Uncertainty is the norm for students wondering whether they will be returning to classes in the fall, but for a particular group of students, the picture remains even less clear.
Thousands of Utah Dreamers — young people brought here as children by their parents — were in limbo, awaiting a ruling by the U.S. Supreme Court on whether President Donald Trump can terminate the temporary protection from deportation they received during the Obama administration.
“Prior to the decision, some students had reached out to me and said if it’s a negative decision … they would not return to school this semester, because it would be uncertain if their livelihoods would be in place,” Xris Macias, the new director of the University of Utah’s Dream Center, told me.
An adverse decision would mean they could no longer work legally. Already ineligible for federal aid, it would be impossible to pay tuition, much less pay for rent or food. Not to mention they would be facing possible deportation.
To the surprise of many, including me, the court prevented Trump from rescinding the program on narrow grounds — that the administration hadn’t provided adequate justification for getting rid of the program.
The reprieve for the more than 700,000 people who have signed up for DACA, however, is temporary.
A permanent fix, as the dissenters in the court’s decision agreed, needs to come from Congress — which is a problem, given that for nearly two decades Congress hasn’t been able to solve the problem, or any problem.
There won’t be a solution in an election year. Trump and the Republicans benefit more by running on the evils of immigrants than, frankly, Democrats gain by running on the Republican evils on immigration.
But, perhaps naively, I see potential for real reform next year, more so than at any time in the past decade. It will likely take a new president.

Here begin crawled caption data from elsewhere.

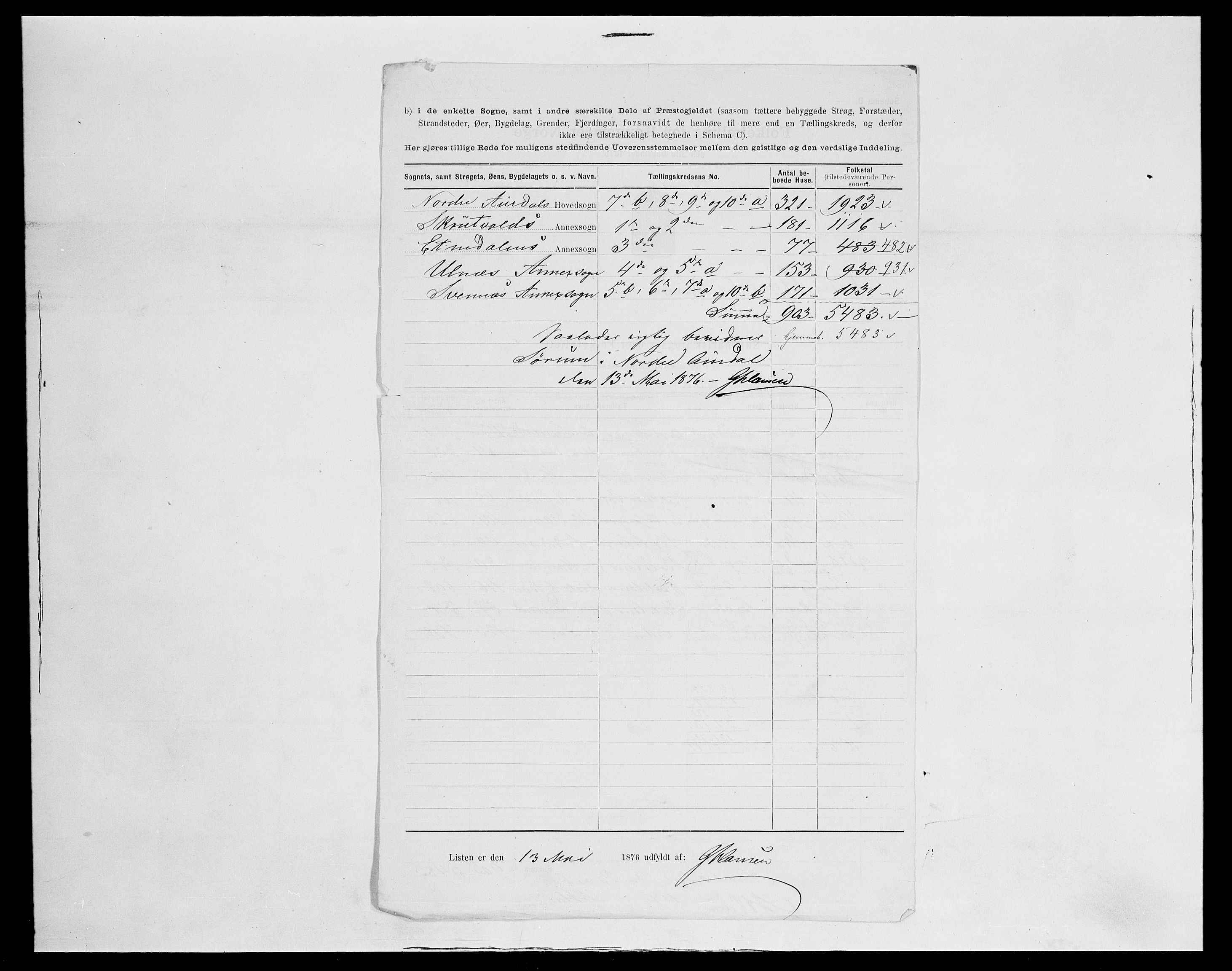 SAH, 1875 census for 0542P Nord-Aurdal, 1875, p. 13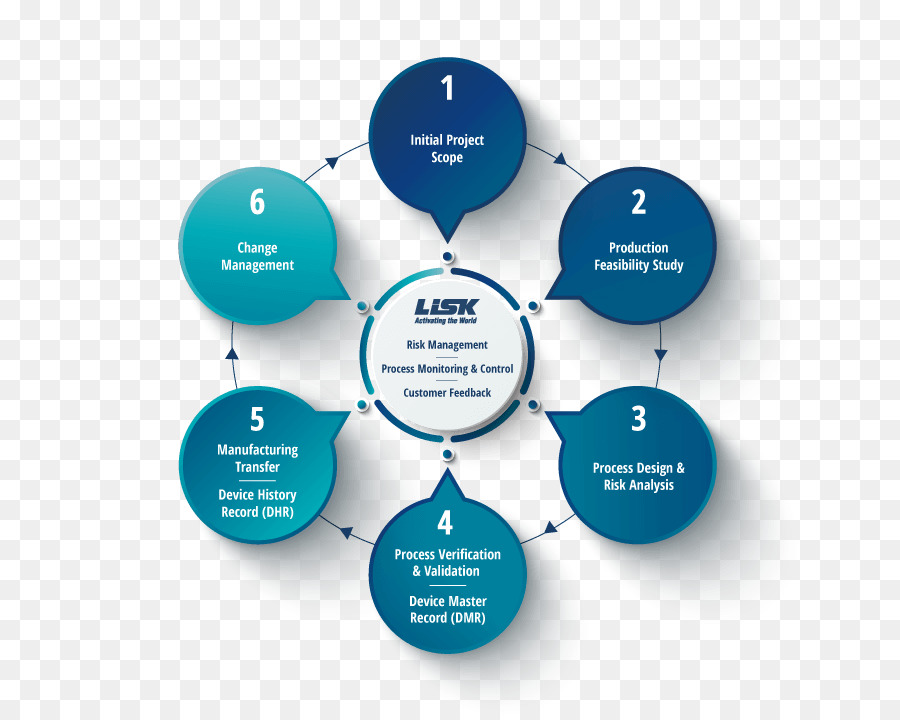 Diagram Proses，Flow Chart PNG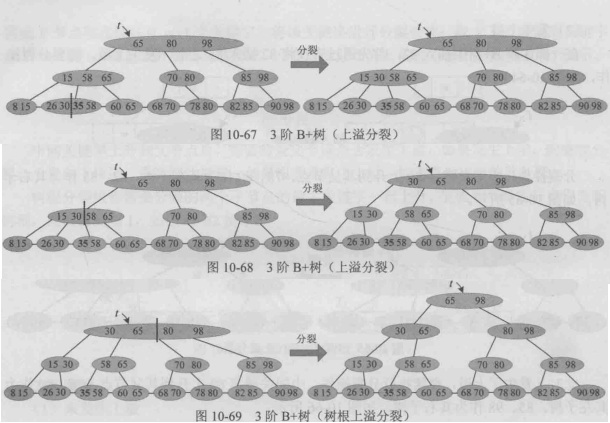 3阶B+树 发生上溢树根分裂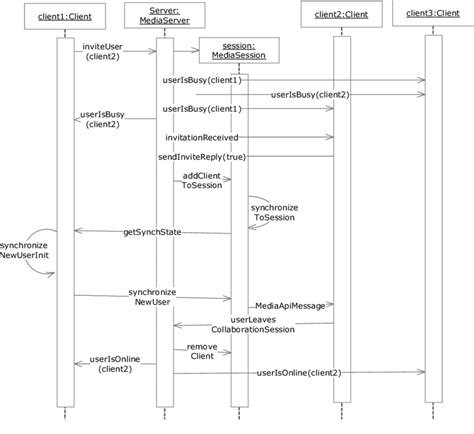 Server Client Session Sequence Diagram Download Scientific Diagram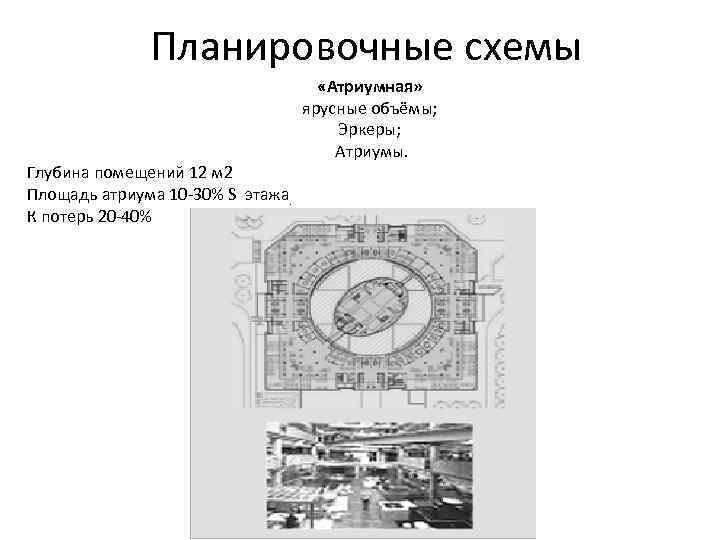 Планировочные схемы Глубина помещений 12 м 2 Площадь атриума 10 -30% S этажа. К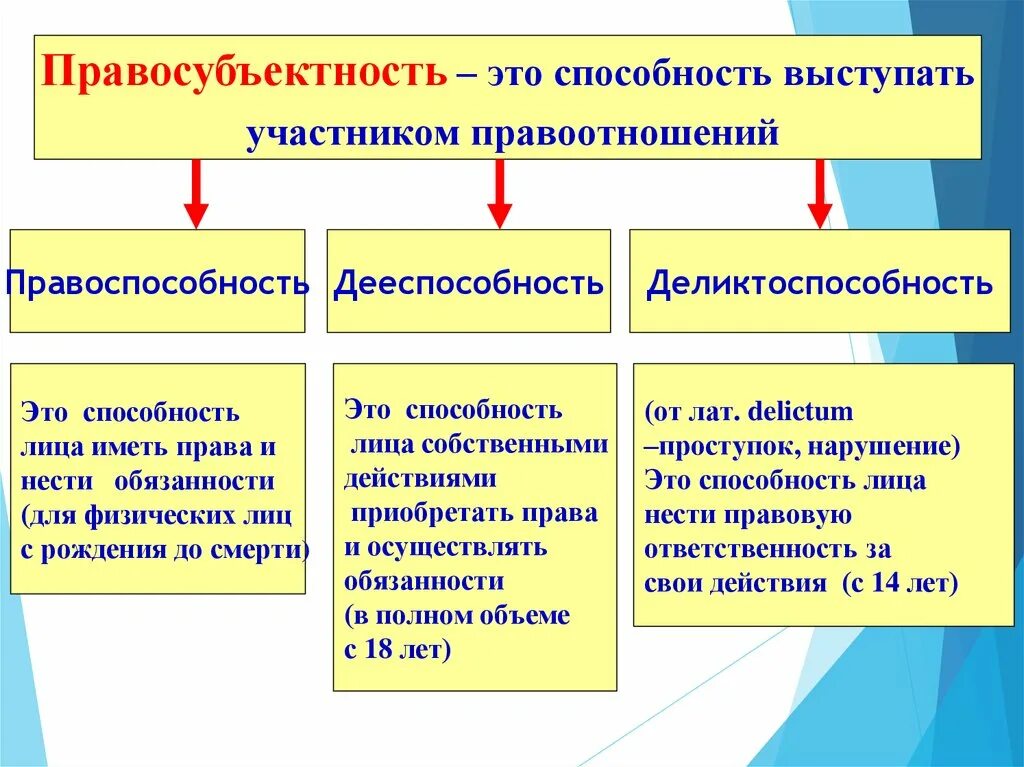 Субъекты правоотношения публично правовые субъекты. Правосубъектность правоспособность дееспособность. Правоспособность дееспособность деликтоспособность. Правосубъектность понятие и структура.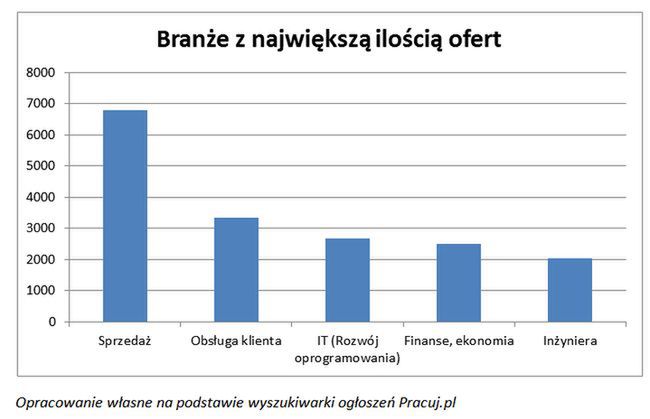 Gdzie do pracy w czerwcu? Kto właśnie rekrutuje?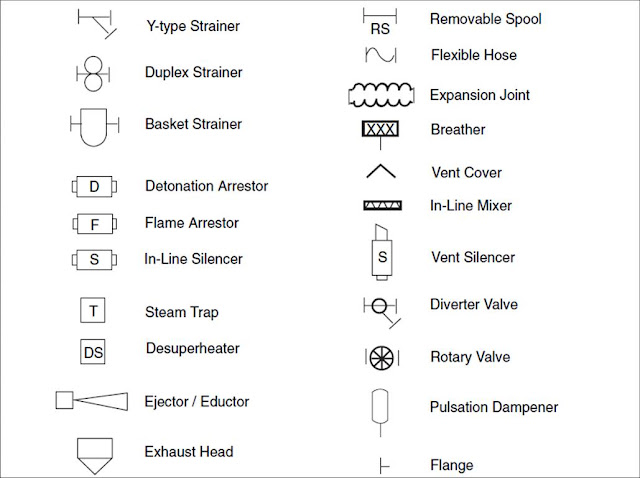 mechanical fittings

Trump has said he wants a DACA bill, but his actions — vowing to deport Dreamers, trying to rescind the program and more recently proposing the elimination of student visas for those taking online courses (he pulled back on this) — fit neatly with his xenophobic campaign rhetoric and make one doubt his sincerity.

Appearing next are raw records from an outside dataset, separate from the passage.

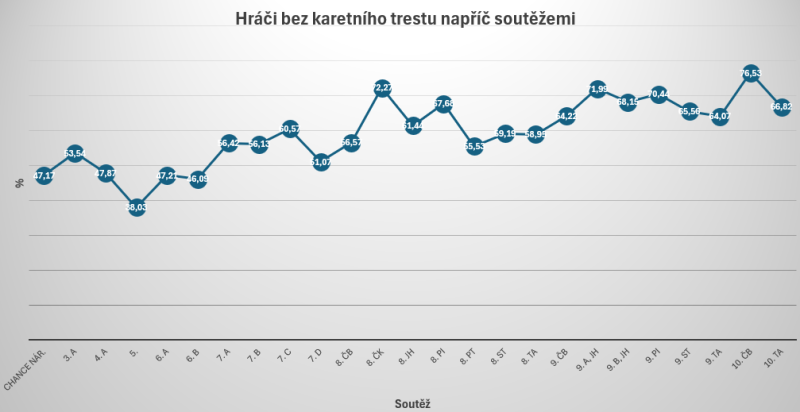 % počet hráčů bez karty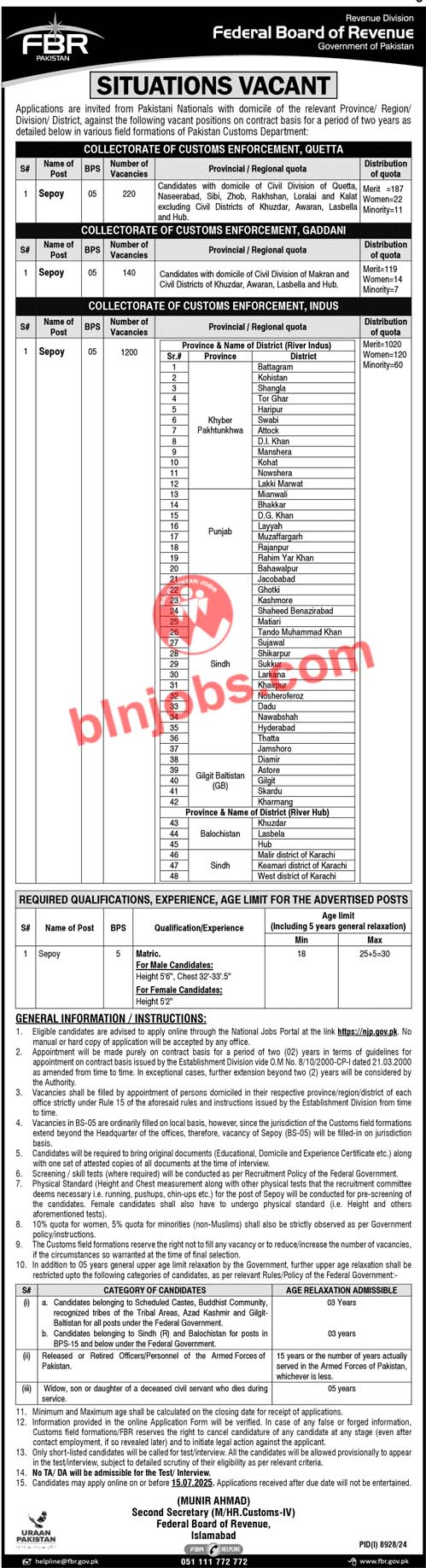 Federal Board of Revenue FBR Custom Balochistan Jobs 2025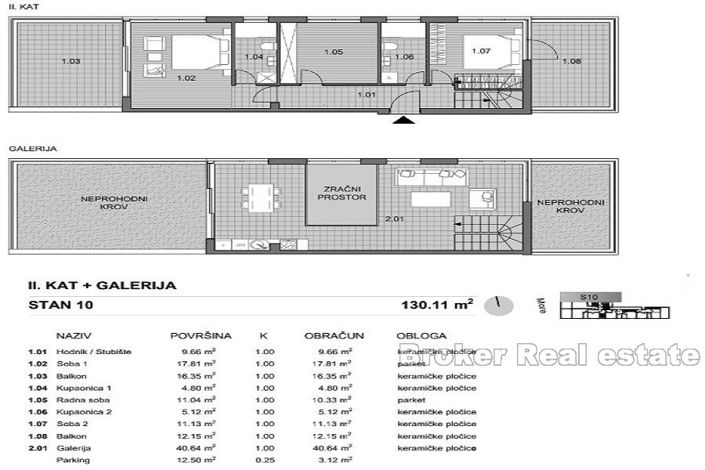 Image No.14-Appartement de 2 chambres à vendre à Pag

Former Vice President Joe Biden’s immigration plan calls for a path to citizenship, not just permanent residency, for Dreamers, but acknowledges it will be up to Congress to do that. “Dreamers are Americans, and Congress needs to make it official,” he wrote last year.
That will take new people in Congress, willing to compromise and solve problems, which hinges on voters.

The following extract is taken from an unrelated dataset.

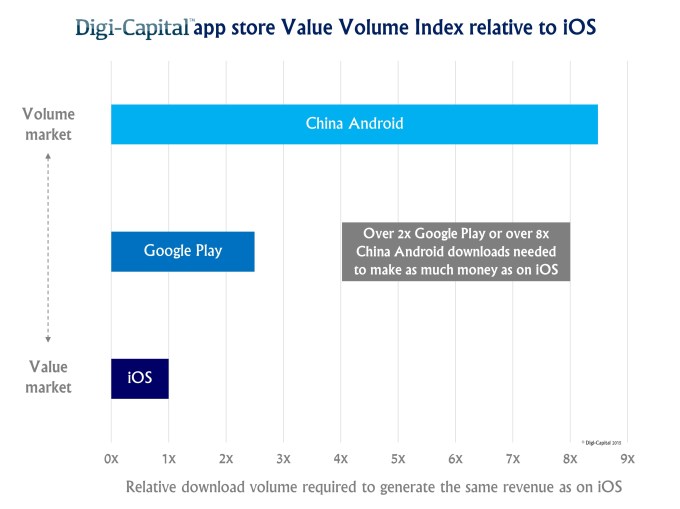 App store Value Volume Index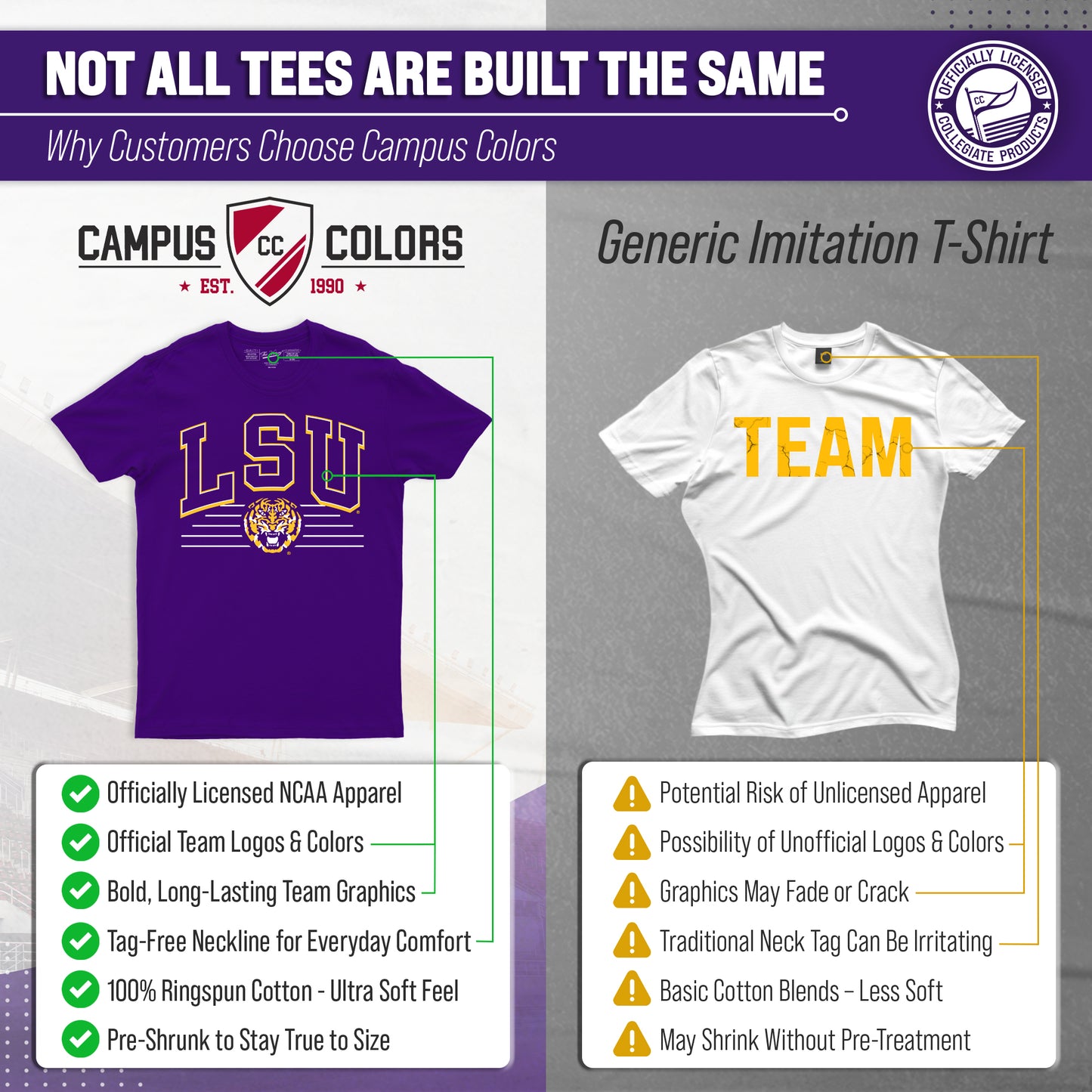 LSU Tigers NCAA Adult Unisex Overtime Classics T-Shirt - Purple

The good news is that a recent CBS News poll found that 85% of Americans — including 73% of Republicans — favor letting Dreamers stay in the United States.
“There is an enormous opportunity to affect positive change for the country,” Javier Palomarez, the past president of the U.S. Hispanic Chamber of Commerce, told me. “Every member of Congress, Republican or Democrat, knows that immigration is a moral and economic imperative for our country. … Finding a solution for DACA is an important first step in the broader immigration reform.”
What Palomarez doesn’t want, he said, is for Democrats to take the Hispanic vote for granted, as they have in the past. He wants concrete commitments from Biden and congressional candidates to take real action on the issue — and that’s what all voters should demand.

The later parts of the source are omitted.